Mittäterschaft im Strafrecht
Sie ist in Artikel 37 Absatz 1 unseres Strafgesetzbuchs als eine Form der Beteiligung geregelt. In diesem Absatz heißt es,
“ist jede Person, die die in der Legaldefinition der Straftat enthaltene Handlung gemeinsam vornimmt, als Täter verantwortlich”.
Wie aus dem Absatz hervorgeht, bedeutet Mittäterschaft, dass die in der Legaldefinition enthaltene Handlung von mehr als einer Person begangen wird
die gemeinsame Begehung einer Straftat. Der Entschluss, eine Straftat gemeinsam zu begehen, und die gemeinsame Beherrschung der gemeinsamen Tat bei allen Mittätern
müssen vorhanden sein. Nur in diesem Fall kann die begangene Tat jedem der Mittäter zugerechnet werden. Die Tat
Die Beherrschung der Begehung einer Straftat ist das objektive Element der gemeinschaftlichen Strafbarkeit, und der Entschluss zur gemeinsamen Begehung einer Straftat ist das objektive Element der gemeinschaftlichen Strafbarkeit.
stellt das subjektive Tatbestandsmerkmal dar.
Da die in gemeinschaftlicher Täterschaft begangene Tat jedem Mittäter zugerechnet wird, ist jeder von ihnen für die begangene Straftat als Täter verantwortlich.
wird für die Straftat verantwortlich gemacht. Bei einigen Arten von Straftaten hat der Gesetzgeber jedoch festgelegt, dass die Straftat von mehr als einer Person begangen wird.
(TPC Art. 102/3-d, 103/3-a, 106/2-c, 109/3-b, 119/1-c,
149/1-c, 265/3). Einige Autoren der Doktrin kritisieren diese Situation und argumentieren, dass
dieselbe Handlung ein zweites Mal bestraft wird, weil sie von mehr als einer Person begangen wird und der Grundsatz non bis in
idem-Grundsatz. Nach Ansicht der Autoren ergeben sich solche Regelungen aus dem Gesetz
oder, wenn es dabei bleiben soll, nicht in Form von Mittätern und nicht in Form von Mittätern, die nicht das Niveau von Mittätern erreichen, angewendet werden sollen. Mittäterschaft.

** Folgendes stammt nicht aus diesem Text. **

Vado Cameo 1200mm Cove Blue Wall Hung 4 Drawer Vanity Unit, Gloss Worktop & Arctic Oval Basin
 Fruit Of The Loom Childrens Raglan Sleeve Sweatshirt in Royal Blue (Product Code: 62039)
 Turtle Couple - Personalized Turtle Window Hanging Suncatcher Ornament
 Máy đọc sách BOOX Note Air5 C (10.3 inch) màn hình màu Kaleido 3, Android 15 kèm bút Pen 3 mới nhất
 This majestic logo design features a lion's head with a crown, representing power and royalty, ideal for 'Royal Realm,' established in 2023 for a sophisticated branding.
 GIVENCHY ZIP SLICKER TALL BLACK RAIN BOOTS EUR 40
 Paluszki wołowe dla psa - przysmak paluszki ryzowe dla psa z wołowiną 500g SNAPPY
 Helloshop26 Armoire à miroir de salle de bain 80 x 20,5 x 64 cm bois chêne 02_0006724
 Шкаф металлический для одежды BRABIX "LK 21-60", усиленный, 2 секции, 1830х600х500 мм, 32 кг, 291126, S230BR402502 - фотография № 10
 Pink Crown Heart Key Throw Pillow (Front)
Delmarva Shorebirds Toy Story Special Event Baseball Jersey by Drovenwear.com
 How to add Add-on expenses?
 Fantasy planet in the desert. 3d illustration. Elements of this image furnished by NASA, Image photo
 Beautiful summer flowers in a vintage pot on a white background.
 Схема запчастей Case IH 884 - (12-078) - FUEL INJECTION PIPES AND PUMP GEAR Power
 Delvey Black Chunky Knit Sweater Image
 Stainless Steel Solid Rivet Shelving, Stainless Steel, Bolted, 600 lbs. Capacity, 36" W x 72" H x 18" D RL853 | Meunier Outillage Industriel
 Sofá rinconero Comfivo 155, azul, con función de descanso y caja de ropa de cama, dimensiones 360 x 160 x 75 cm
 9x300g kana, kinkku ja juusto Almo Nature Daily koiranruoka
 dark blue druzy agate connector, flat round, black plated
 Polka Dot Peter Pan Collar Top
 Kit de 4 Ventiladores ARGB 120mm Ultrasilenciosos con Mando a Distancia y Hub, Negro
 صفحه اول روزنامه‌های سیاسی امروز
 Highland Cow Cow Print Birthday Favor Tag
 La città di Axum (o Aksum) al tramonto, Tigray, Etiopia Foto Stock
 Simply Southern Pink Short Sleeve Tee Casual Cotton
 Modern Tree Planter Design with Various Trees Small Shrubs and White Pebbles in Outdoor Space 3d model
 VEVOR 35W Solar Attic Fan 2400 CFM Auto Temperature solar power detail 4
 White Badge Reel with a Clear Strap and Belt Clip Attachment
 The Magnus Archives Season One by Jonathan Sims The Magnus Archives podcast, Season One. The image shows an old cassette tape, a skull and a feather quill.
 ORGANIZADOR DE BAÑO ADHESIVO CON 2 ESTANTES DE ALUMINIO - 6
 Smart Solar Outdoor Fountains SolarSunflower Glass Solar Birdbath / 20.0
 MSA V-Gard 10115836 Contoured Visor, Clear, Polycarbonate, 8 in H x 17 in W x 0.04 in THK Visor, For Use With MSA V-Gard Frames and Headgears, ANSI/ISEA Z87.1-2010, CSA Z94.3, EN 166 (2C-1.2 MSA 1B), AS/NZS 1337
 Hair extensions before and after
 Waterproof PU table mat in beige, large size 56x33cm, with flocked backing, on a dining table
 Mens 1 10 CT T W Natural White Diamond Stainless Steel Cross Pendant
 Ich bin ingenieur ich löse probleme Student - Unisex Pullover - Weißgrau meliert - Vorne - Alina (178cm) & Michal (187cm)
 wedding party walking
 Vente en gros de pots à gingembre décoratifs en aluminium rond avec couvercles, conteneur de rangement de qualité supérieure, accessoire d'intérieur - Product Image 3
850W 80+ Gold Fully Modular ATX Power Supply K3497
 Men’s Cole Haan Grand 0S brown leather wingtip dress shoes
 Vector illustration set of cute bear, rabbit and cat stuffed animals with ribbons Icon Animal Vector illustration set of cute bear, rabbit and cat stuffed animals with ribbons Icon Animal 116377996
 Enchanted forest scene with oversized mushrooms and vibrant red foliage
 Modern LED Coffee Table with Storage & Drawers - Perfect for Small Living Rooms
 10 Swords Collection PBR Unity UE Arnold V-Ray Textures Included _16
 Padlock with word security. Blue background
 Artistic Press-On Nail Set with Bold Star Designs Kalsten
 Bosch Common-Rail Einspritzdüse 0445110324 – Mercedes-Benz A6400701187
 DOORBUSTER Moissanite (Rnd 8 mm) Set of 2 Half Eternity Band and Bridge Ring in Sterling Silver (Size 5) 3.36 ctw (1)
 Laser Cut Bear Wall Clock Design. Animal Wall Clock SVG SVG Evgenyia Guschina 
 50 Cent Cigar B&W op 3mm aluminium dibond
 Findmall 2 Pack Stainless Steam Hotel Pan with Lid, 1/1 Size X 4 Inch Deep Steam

sollten als Umstände akzeptiert werden. In Bezug auf die von mehr als einer Person begangene Straftat werden jedoch
werden in Lehre und Praxis Absprachen als Mittäter akzeptiert. Es ist zu beachten, dass
die Begehung der Straftat durch mehr als eine Person die Begehung der Straftat erleichtert und somit die Tat ungerecht macht
ihren Inhalt beeinträchtigt. Dies ist insbesondere bei Taten der Fall, an denen das Opfer beteiligt ist und bei denen Nötigungsgewalt im Spiel ist.
in Fällen, in denen der Widerstand des Opfers gebrochen wurde. Istanbul
Das Übereinkommen sieht außerdem vor, dass die im Übereinkommen genannten Straftaten von zwei oder mehr Personen gemeinsam begangen werden müssen
Es erlegt den Vertragsparteien die Verpflichtung auf, dies als qualifizierenden Umstand vorzusehen. Daher ist eine solche Regelung
Sie ist angemessen, weil sie im Gesetz steht, den Inhalt des Unrechts betrifft und eine internationale Verpflichtung darstellt.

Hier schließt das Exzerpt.